Multicast packets are a special case. On a smart network essentially no multicast flows between devices unless they have specifically asked to “join a multicast group” using something called Internet Group Management Protocol.
Searching is in section 1.3.2 (This is what DLNA apps will do to find Poly) Responses Poly should give are listen in section 1.3.3
A core part of DLNA devices finding each other is to do an M-SEARCH or Multicast Search. This means that all DLNA devices should be subscribing to hear the multicast messages… or they never hear the requests for a search.
Below is a trace of my network where I powered up Poly and my iPhone. Notice how the iPhone, when I launch Glider, asks to join 18.104.22.168 and 22.214.171.124. Now, the smart network knows that whenever it sees those addresses on packets, they need to be forwarded to the access point and out to the iPhone who asked to receive them on whatever WiFi channel its on…
However… poly is not on this list. It never asks to join 126.96.36.199 and so Glider and 8Player can ask to find sources as much as they want, and send out Multicast search messages…. but the network itself is smart and will never send the multicast M-SEARCH requests on to the Poly because it never asks to receive multicast traffic in the first place. Good network, bad Poly.
(In the screenshot, 10.0.1.1 is the router, 10.0.1.111 is another iPad.)

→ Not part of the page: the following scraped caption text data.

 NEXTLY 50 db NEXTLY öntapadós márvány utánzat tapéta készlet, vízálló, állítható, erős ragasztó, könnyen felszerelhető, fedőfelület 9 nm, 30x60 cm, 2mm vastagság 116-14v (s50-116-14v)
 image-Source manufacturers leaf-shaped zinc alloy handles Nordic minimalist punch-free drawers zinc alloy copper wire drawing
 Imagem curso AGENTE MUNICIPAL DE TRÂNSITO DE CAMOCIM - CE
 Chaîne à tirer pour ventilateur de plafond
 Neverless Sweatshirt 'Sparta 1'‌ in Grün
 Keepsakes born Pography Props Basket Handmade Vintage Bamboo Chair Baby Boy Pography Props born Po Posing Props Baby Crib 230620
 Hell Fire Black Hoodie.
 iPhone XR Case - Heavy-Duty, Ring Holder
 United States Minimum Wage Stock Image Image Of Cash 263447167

What Poly DOES do is simply to send out Multicast advertisements on this Multicast group telling anyone willing to listen that it hosts several DLNA services, for example that its a player, as well as a source for music: (Side note: Notice the 400 series entries below? Another bug causes them to actually stop after a while)

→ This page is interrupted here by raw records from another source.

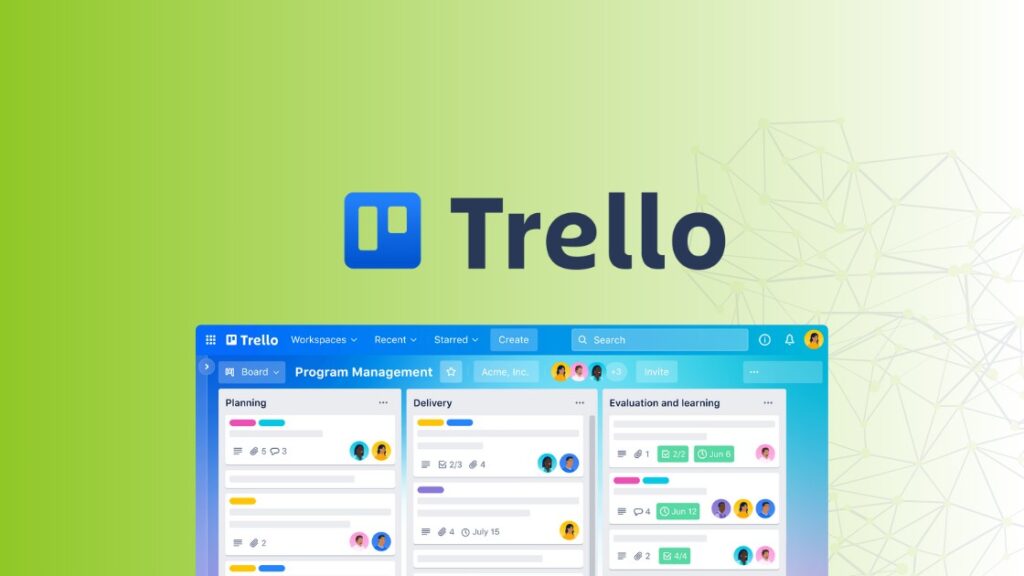 ferramenta gestão de tarefas: trello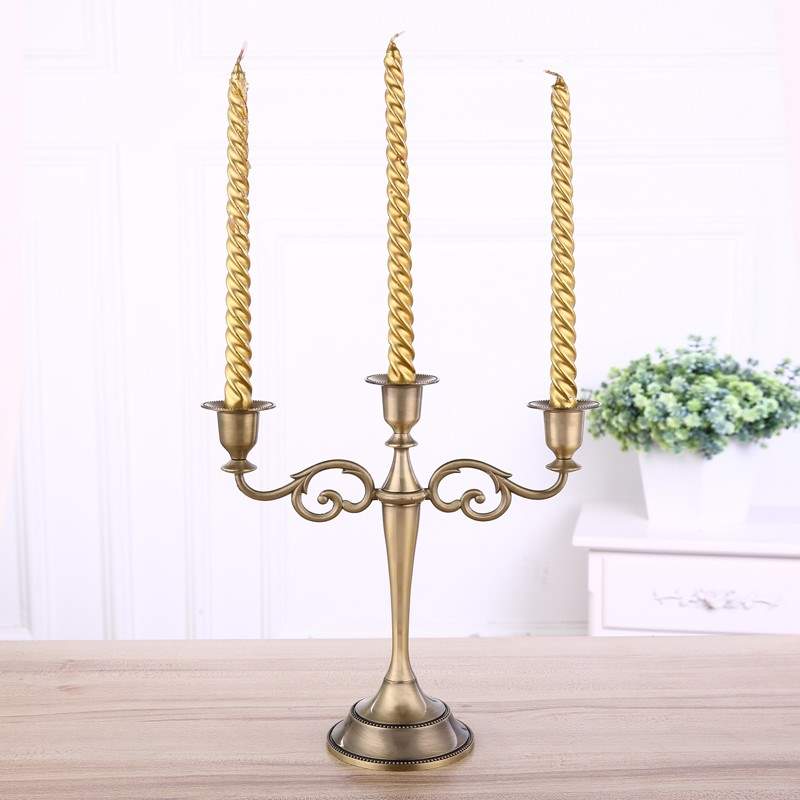 Chandelier 3 chandelles Bronze - Esprit Chandelier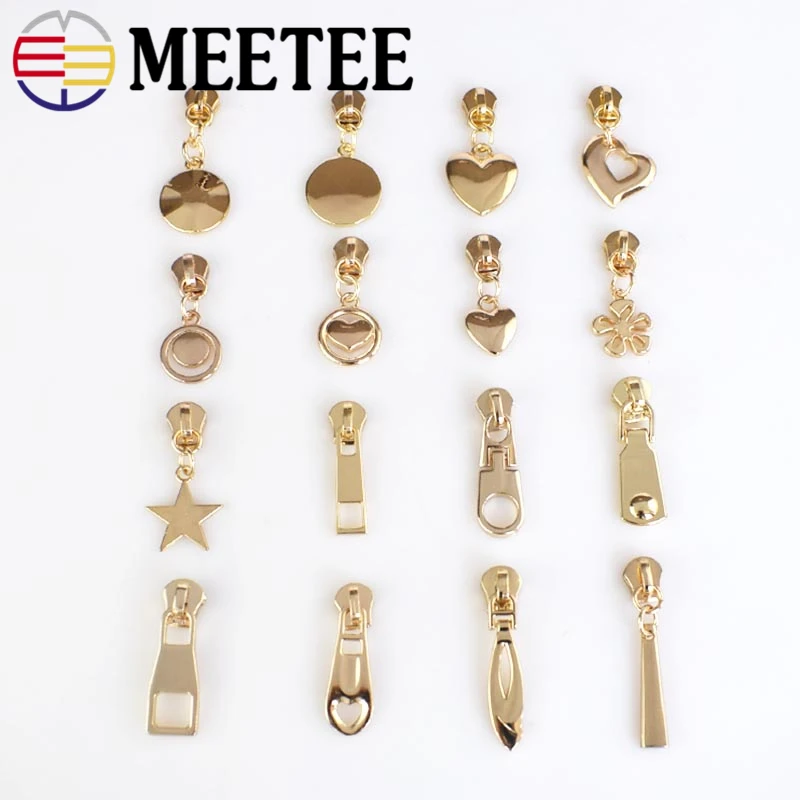 10 шт. Meetee 5 # металлические ползунки для молнии съемник головки сделай сам набор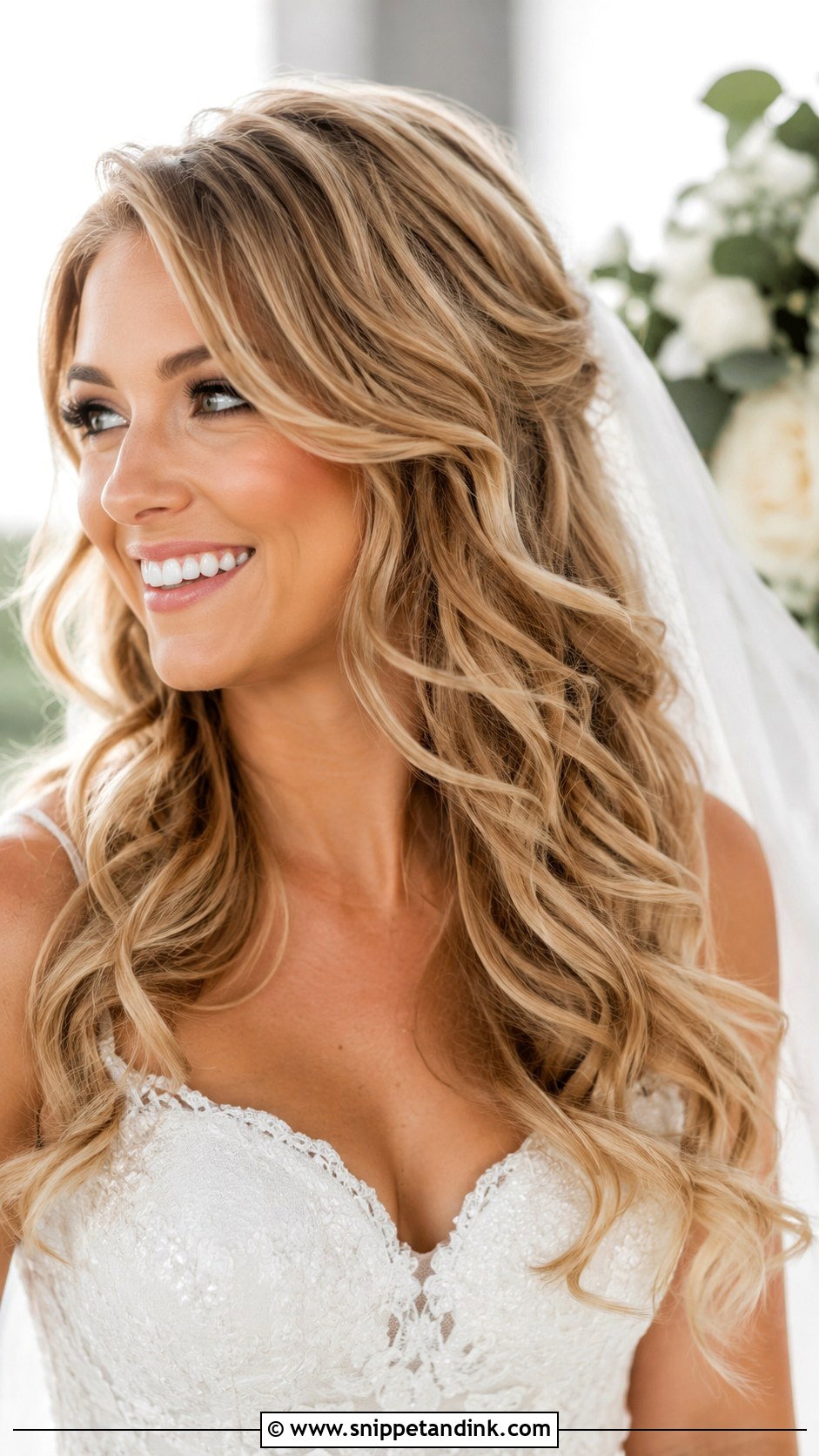 Soft Curls Wedding Hair Down - Snippet and Ink - 35 Wedding Hair Down Ideas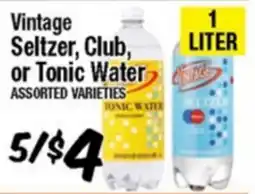 Western Beef Vintage Seltzer, Club, or Tonic Water offer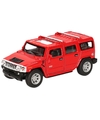 Schaalmodel Hummer H2 SUV rood 12,5 cm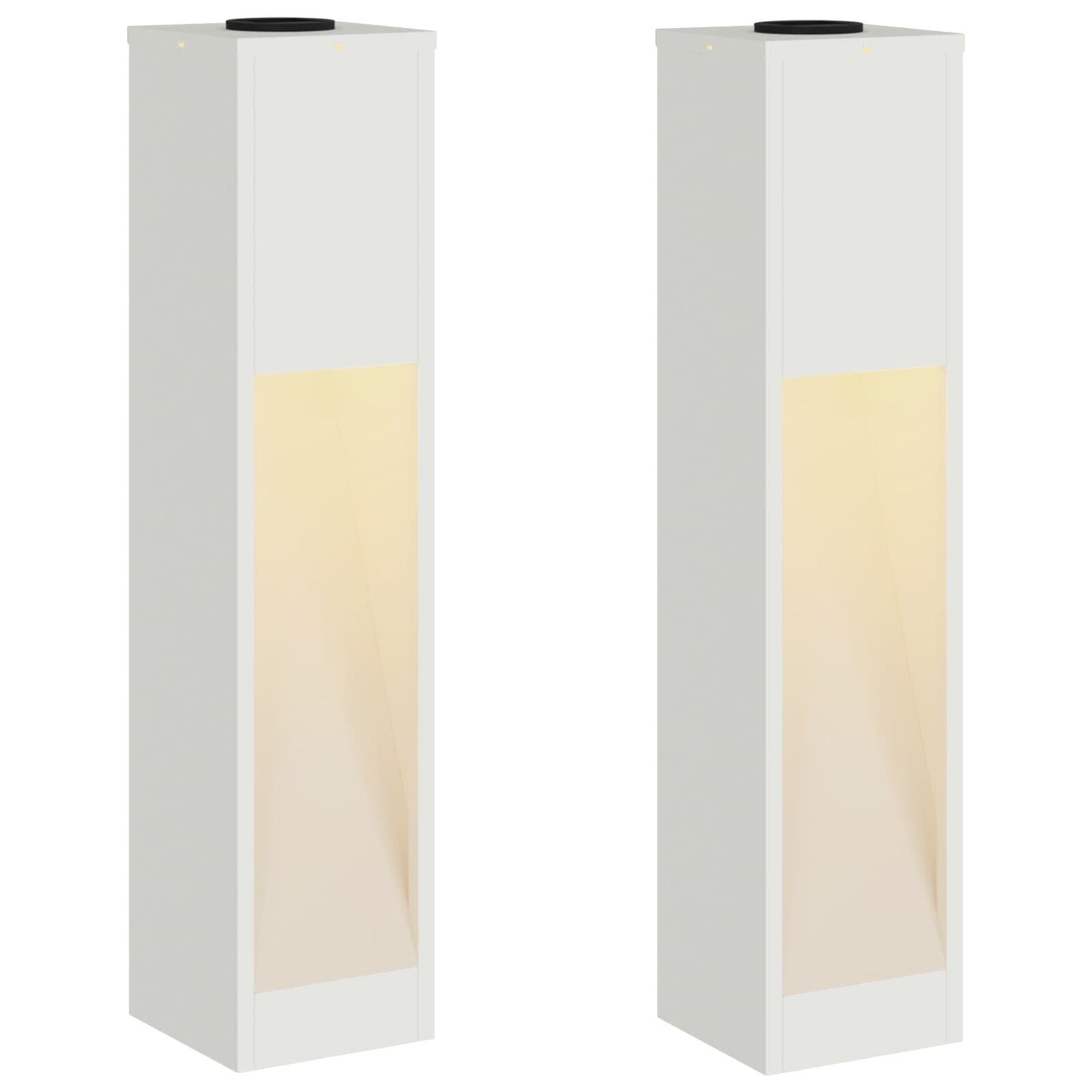 vidaXL Φωτιστικό Ηλιακής Ενέργειας LED Διαδρομής 2 pcs Λευκό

And once again, if you are on the same network and this stuff isn't filtered by default, you'd see it. SO folks with simple networks or “dumb” networks will work fine.

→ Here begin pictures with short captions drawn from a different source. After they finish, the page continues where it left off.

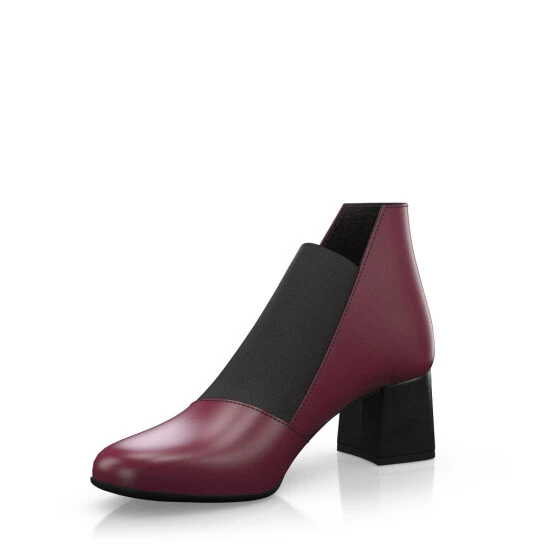 Bottines à Talons Bas Haut De Gamme 31881 2 Bottines à Talons Bas Haut De Gamme 31881 – Image 2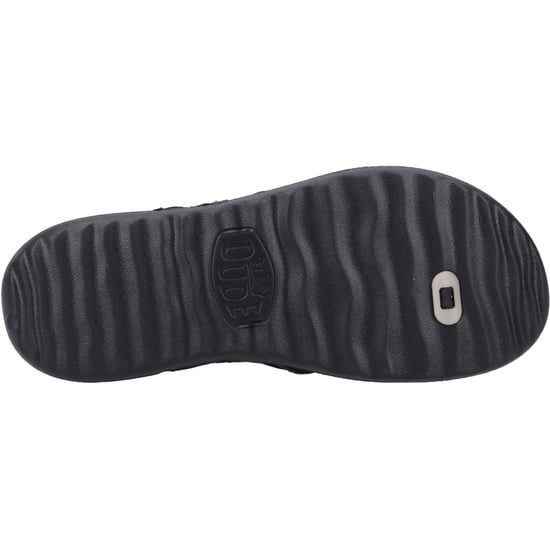 HEYDUDE Myers Flip Sport Mode Polyester Heren Sandalen Zwart - Image 3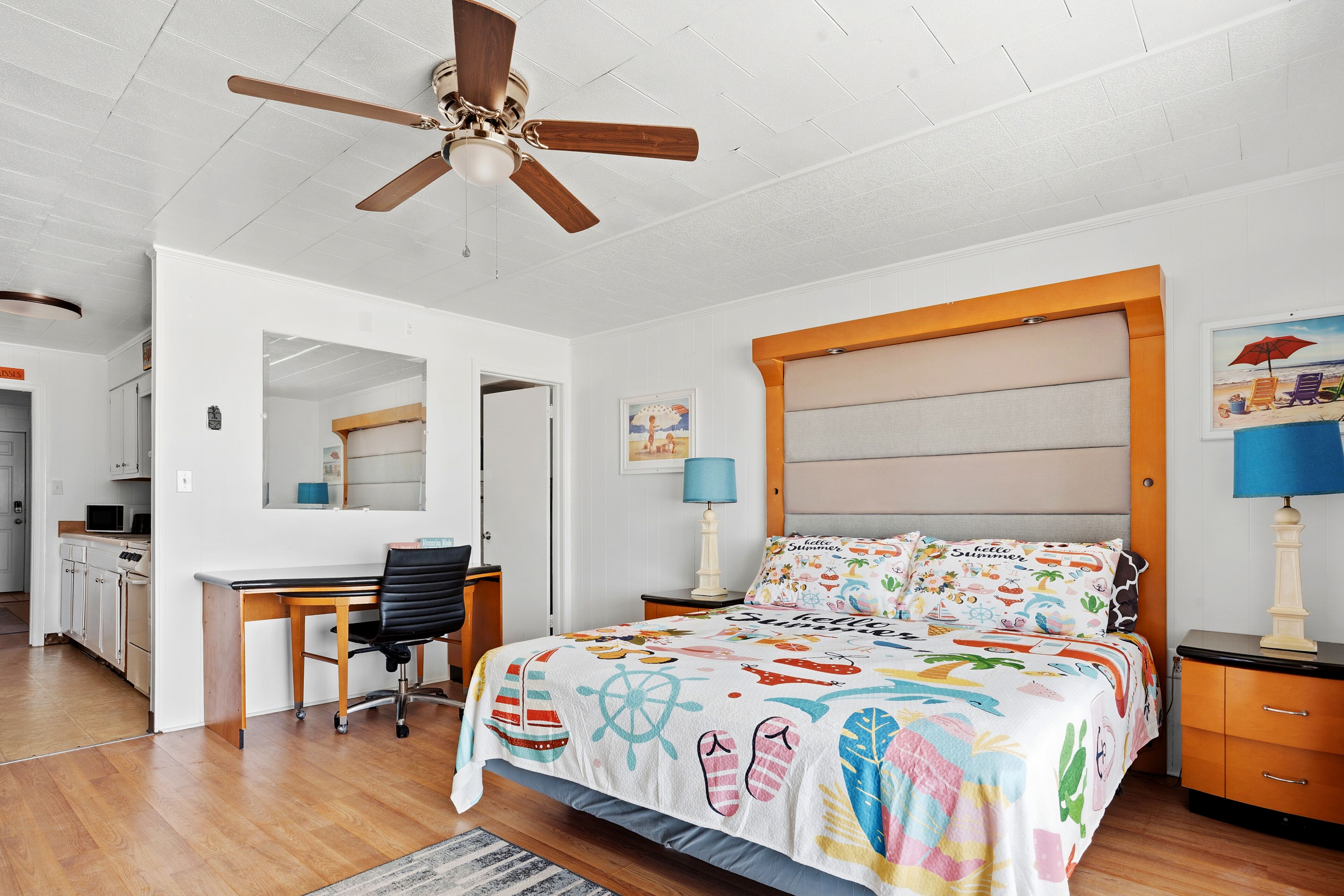 2 bedrooms, iron/ironing board, free WiFi, bed sheets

But again, on a smart network, when both clients are in the same access point, even though you'd think they'd hear each other because their just sending Wifi messages and everyone hears them, they don't…
The iPhone is on 5GHz and the Poly is 2.4… so the Access point, even if there is only one, is receiving the multicast on 5GHz and has to forward it back out on 2.4… and because its smart and doesn't want to flood the network (Why would it send to the 2.4 if nobody is listening) it blocks it.
See how the Poly is on channel 1 and the iPhone is on channel 44 - they're not tuned to the same station, so they never hear each other, and rely on the Access point to relay info, which is does for the traffic from Poly TO iPhone bit not the other way because Poly didn't ask to hear it:
The solution is for Poly to also send IGMP group join messages when it connects to networks. By default under Linux this is off and needs to be turned on even if by a simple shell command on Poly:
Now, all this said, if the controlling app (Glider or 8Player) IS asking to hear those multicast advertisment messages, then the broadcasts that happen by Poly should be heard as a kind of workaround, so long as its advertising all the necessary DLNA services. (This was the “fix” attempted in version 1.0.6) In fact Poly is actually sending those advertisement packets every second or so…
Issue #1 with this is that this is a lazy/slack/spammy way to doit and…
Just implement IGMP joins and do this right. It'll solve the above 3 issues by avoiding the need for them in the first place.
For those with a simpler network, their devices ignore multicast and send them as broadcasts instead, avoiding all of this and Poly works… but its a hack at best.